_PROMPT_.
Excluding pictures, what does the listing below contain from the line with "还让球队陷 还让球队陷" up to and including the line with "Module de porte", word for word?

_TASK INPUT_.
..........
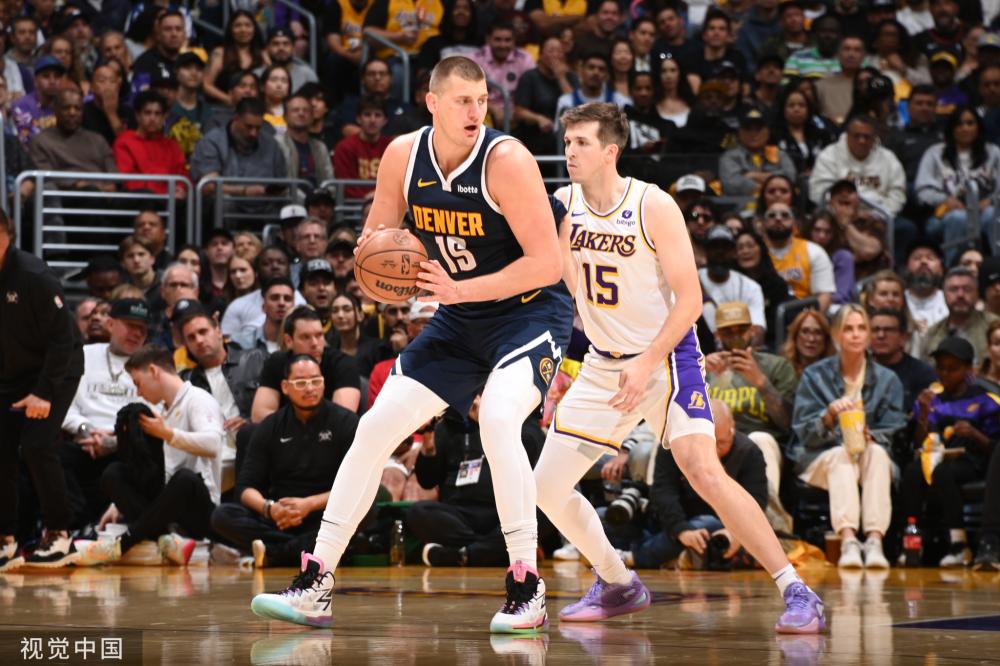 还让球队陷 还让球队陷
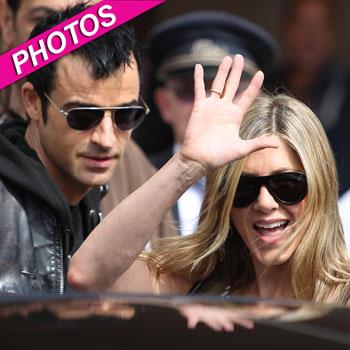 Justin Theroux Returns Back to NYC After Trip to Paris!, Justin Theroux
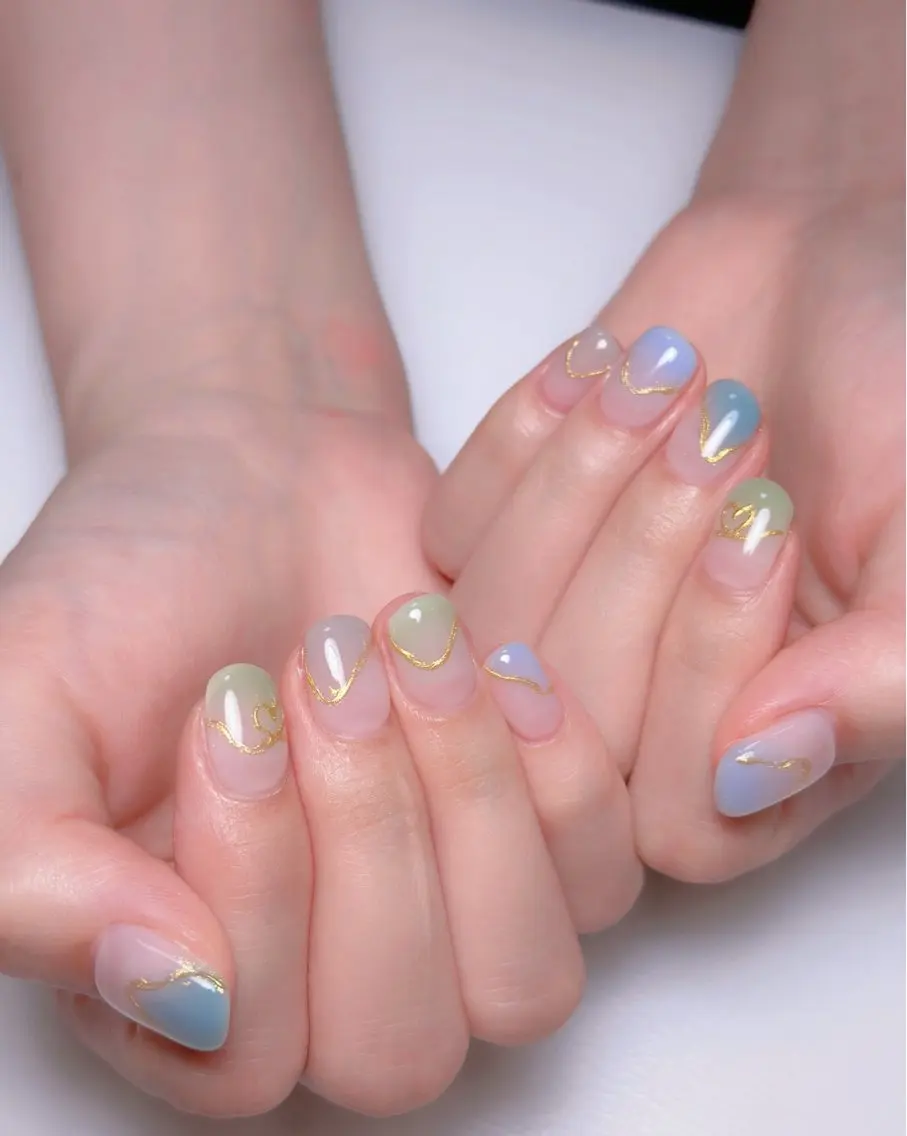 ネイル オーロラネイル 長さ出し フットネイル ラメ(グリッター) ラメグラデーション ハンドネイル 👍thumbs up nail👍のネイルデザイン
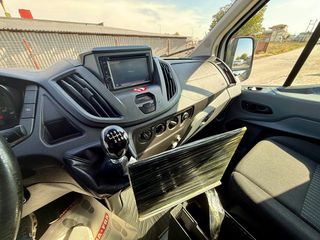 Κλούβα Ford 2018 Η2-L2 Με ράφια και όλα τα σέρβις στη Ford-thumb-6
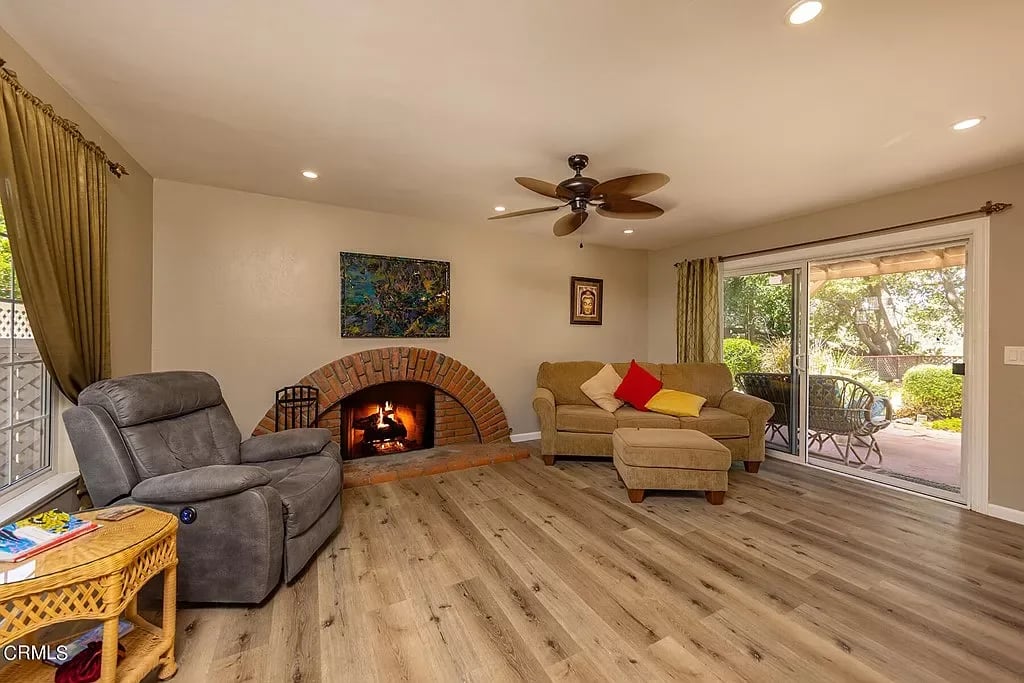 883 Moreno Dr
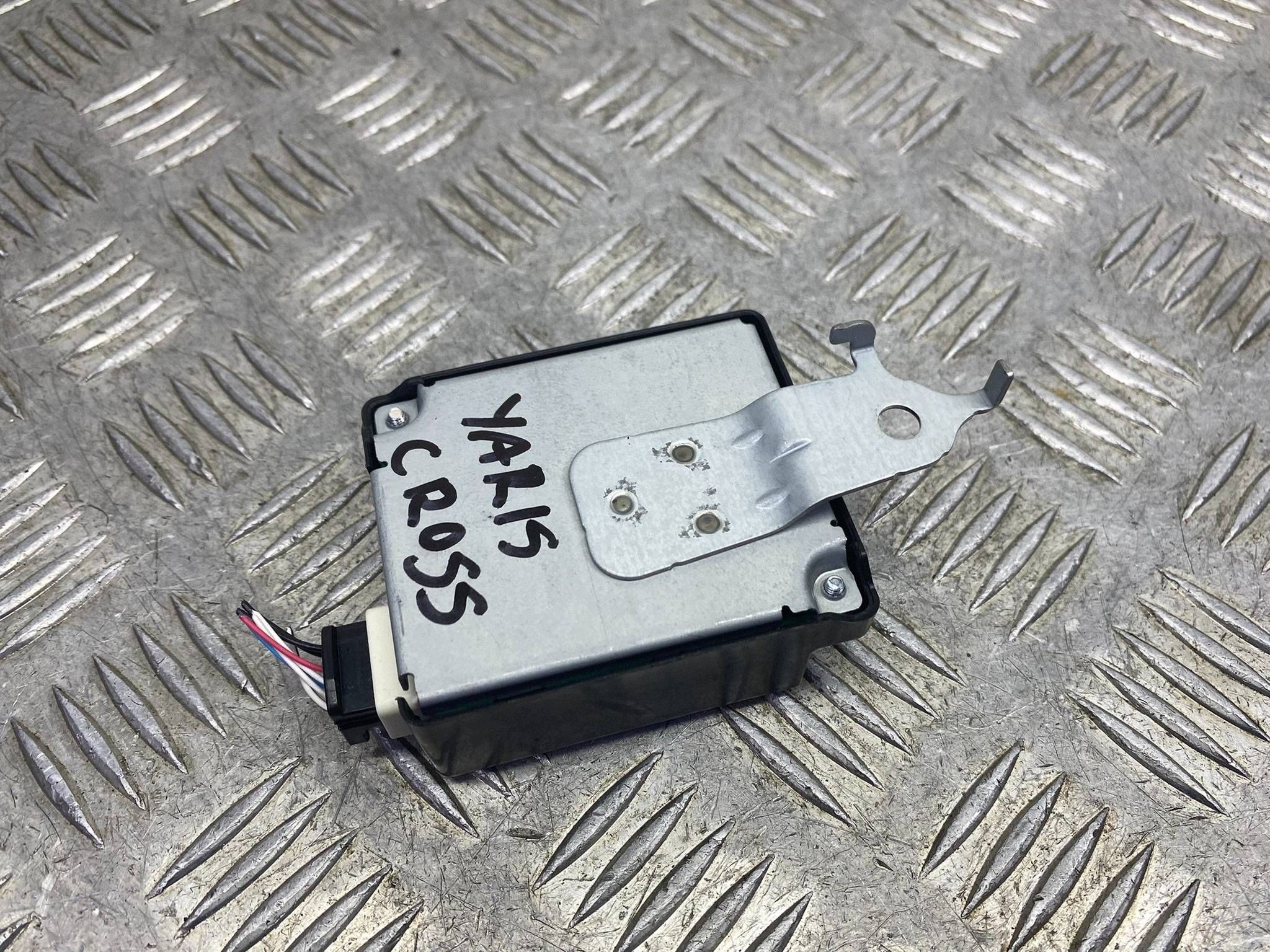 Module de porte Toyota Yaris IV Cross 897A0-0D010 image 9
..........
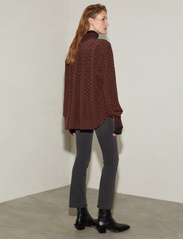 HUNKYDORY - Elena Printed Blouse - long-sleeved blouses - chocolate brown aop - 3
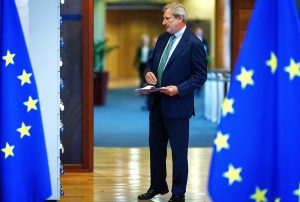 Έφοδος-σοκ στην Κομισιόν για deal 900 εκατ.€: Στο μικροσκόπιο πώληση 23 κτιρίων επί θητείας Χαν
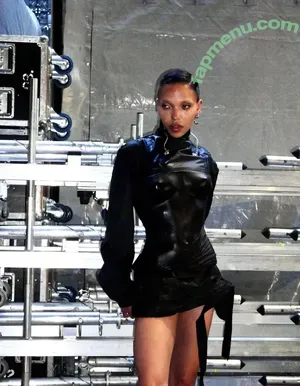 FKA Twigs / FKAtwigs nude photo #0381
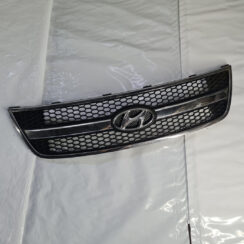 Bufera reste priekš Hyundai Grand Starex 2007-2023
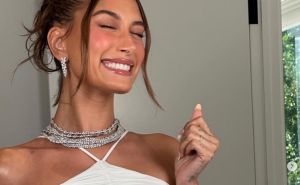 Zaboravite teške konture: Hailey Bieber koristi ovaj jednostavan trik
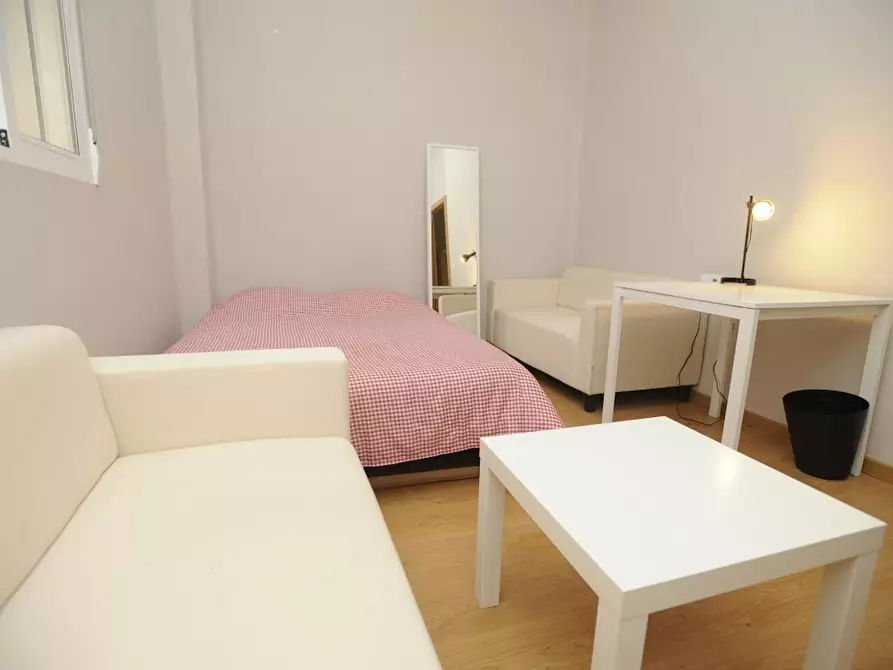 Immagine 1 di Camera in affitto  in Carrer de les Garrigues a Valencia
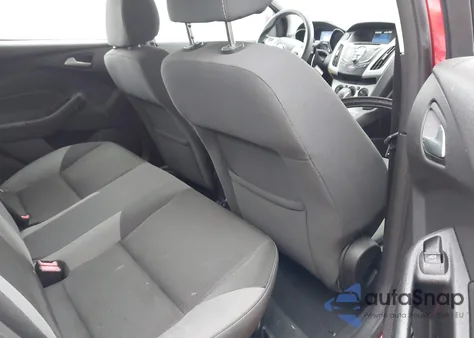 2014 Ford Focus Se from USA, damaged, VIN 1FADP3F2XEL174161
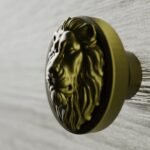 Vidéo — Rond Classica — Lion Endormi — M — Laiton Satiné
..........
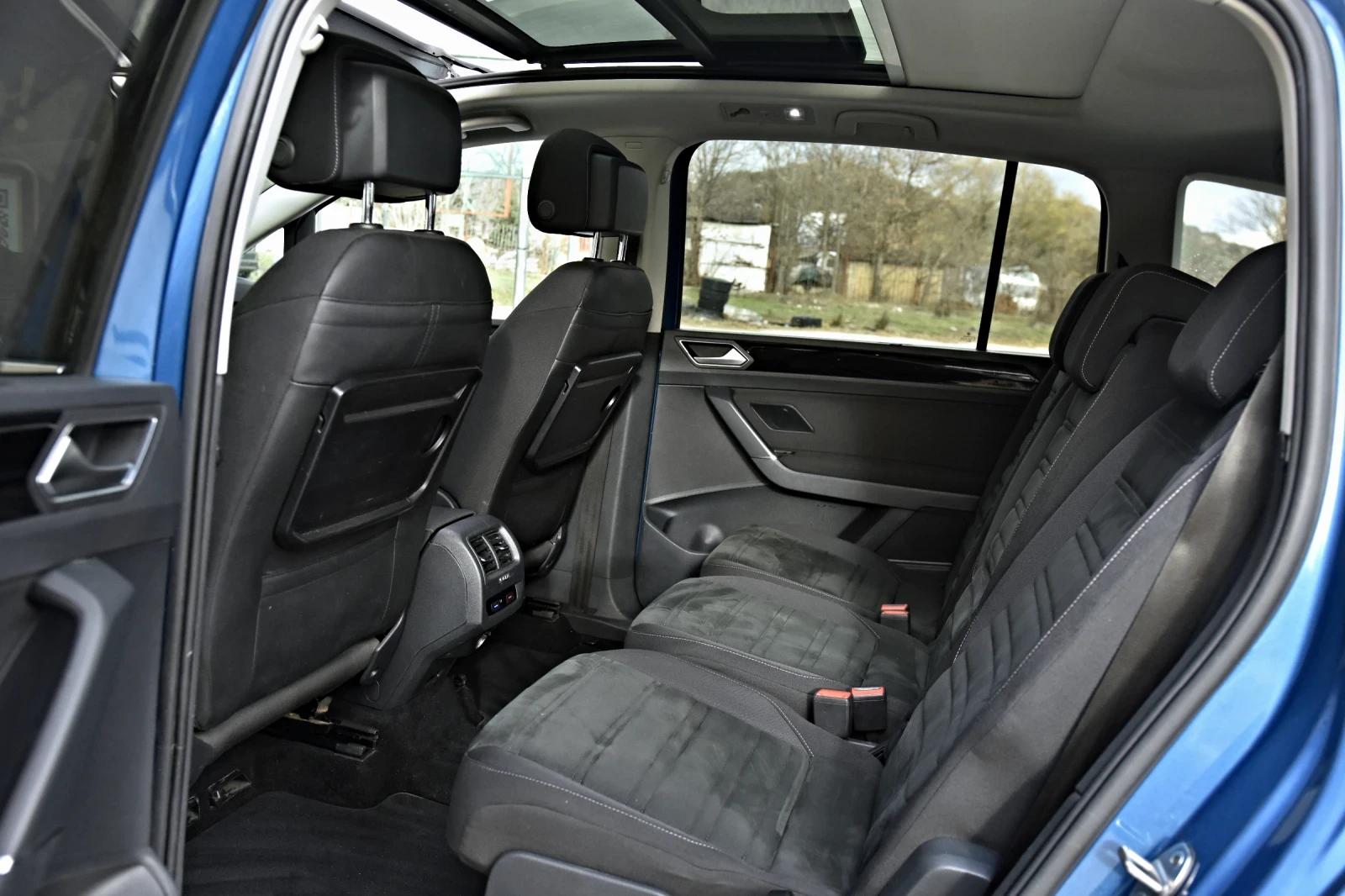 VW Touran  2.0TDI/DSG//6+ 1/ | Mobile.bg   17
..........
_ANSWER SECTION_.
 还让球队陷 还让球队陷
 Justin Theroux Returns Back to NYC After Trip to Paris!, Justin Theroux
 ネイル オーロラネイル 長さ出し フットネイル ラメ(グリッター) ラメグラデーション ハンドネイル 👍thumbs up nail👍のネイルデザイン
 Κλούβα Ford 2018 Η2-L2 Με ράφια και όλα τα σέρβις στη Ford-thumb-6
 883 Moreno Dr
 Module de porte Toyota Yaris IV Cross 897A0-0D010 image 9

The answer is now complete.